Grid Information System Introduction

The grid information system is a mission-critical component in the WLCG grid infrastructure. It provides detailed information about grid services which is needed for various different tasks. The grid information system has a hierarchical structure of three levels. The fundamental building block used in this hierarchy is the Berkley Database Information Index (BDII). Although the BDII has additional complexity, it can be visualized as an LDAP database. The resource level or core BDII is usually co-located with the grid service and provides information about that service. Each grid site runs a site level BDII. This aggregates the information from all the resource level BDIIs running at that site. The top level BDII aggregates all the information from all the site level BDIIs and hence contains information about all grid services. There are multiple instances of the top level BDII in order to provide a fault tolerant, load balanced service. The information system clients query a top level BDII to find the information that they require.

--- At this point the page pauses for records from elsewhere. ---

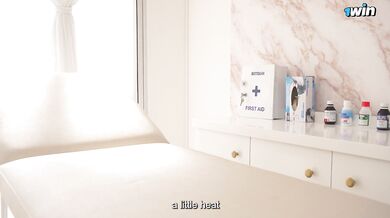 La doctora Dani Ortiz tiene la cura perfecta para quitarte el estres! Sus enormes tetas y culo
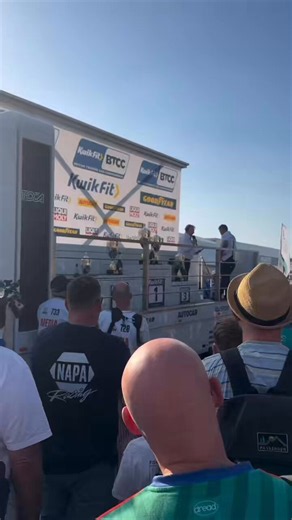 Ah, s’il vous reste encore une larme après ce dimanche émouvant, Nicolas Hamilton a remporté une course en BTCC (pour rappel, il trouve ses financements lui-même et a toujours refusé l’aide de Lewis).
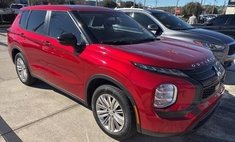 2022 Mitsubishi Outlander ES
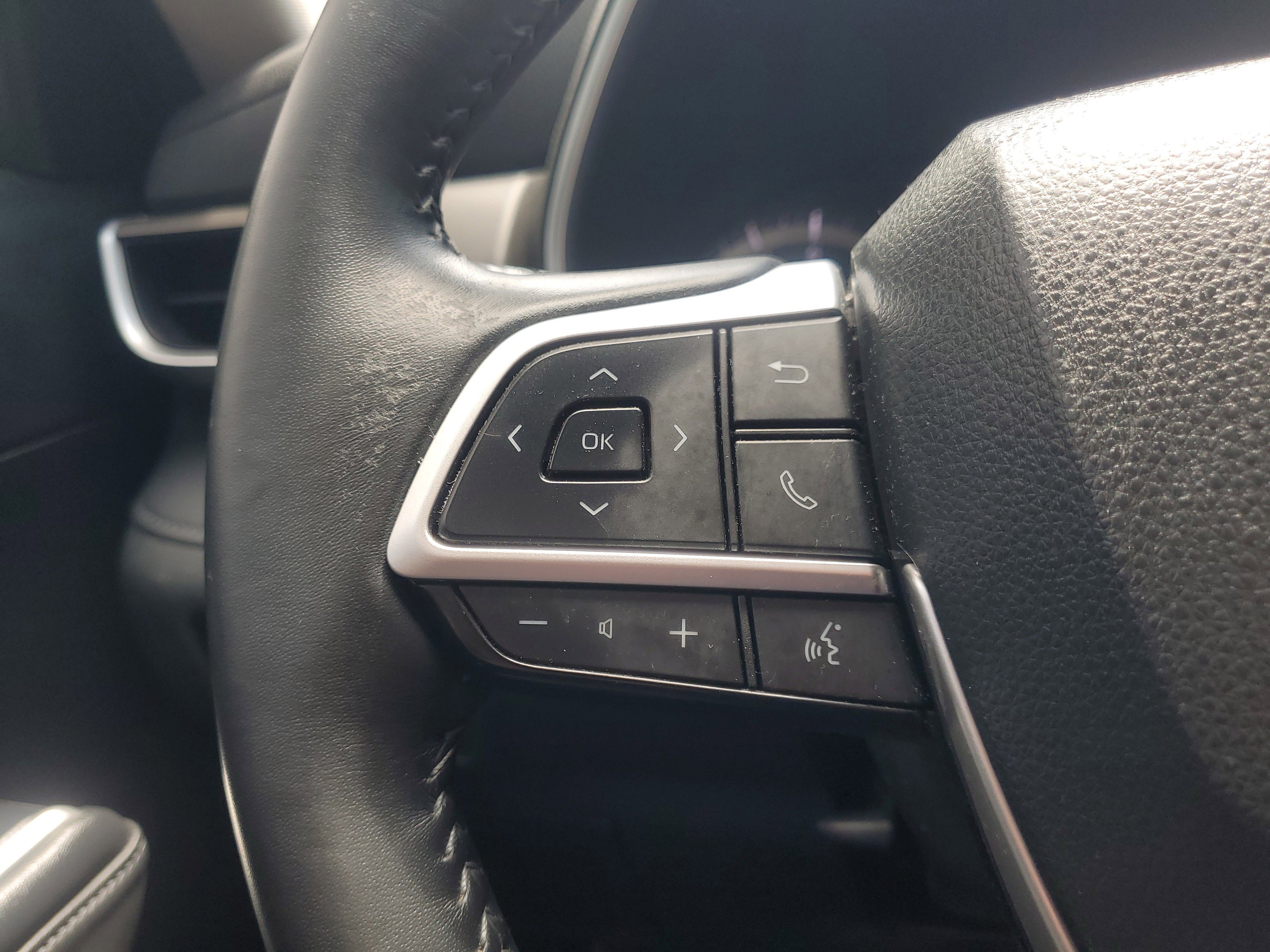 Used 2022 Toyota Highlander XLE AWD/4WD image 23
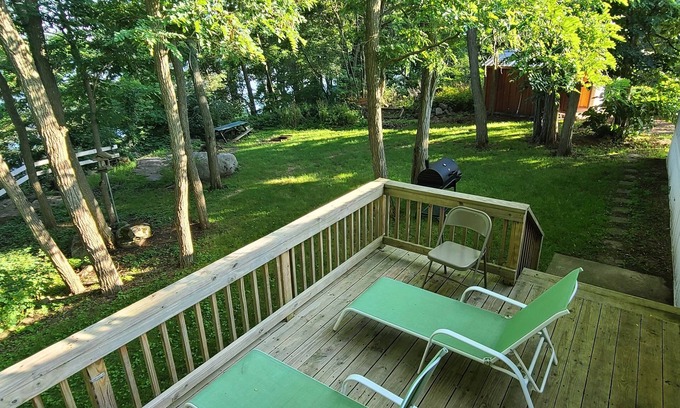 Hammond Casa | Enjoy PRIVACY and comfort for the whole family above the shores of Black Lake!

../_images/InfoSysStructure.jpg

The BDIIs are populated with information by running information providers. These are scripts which obtain information, format it as LDIF and print the result to standard out. These information providers can also be used to query other BDIIs which is how the hierarchy is built. The order in which these information providers are run is random.

The information in the information systems conforms to a schema called the GLUE schema. The GLUE schema started as collaboration effort between European and US grid projects to facilitate interoperation between them. The Open Grid Forum (OGF) is now responsible for the GLUE schema.

The information system is bootstrapped from the information registered in the Operations Databases of EGI and OSG grid infrastructures (GOCDB and OIM). When a site registers, it enters the URL for the site level BDII into the GOCDB/OIM. GOCDB/OIM then generates a list of LDAP URLs for all the sites in the grid and this is downloaded by the information provider running on the top level BDII. These URLs are then used to query all the site level BDII and the result is used to populate the top level BDII.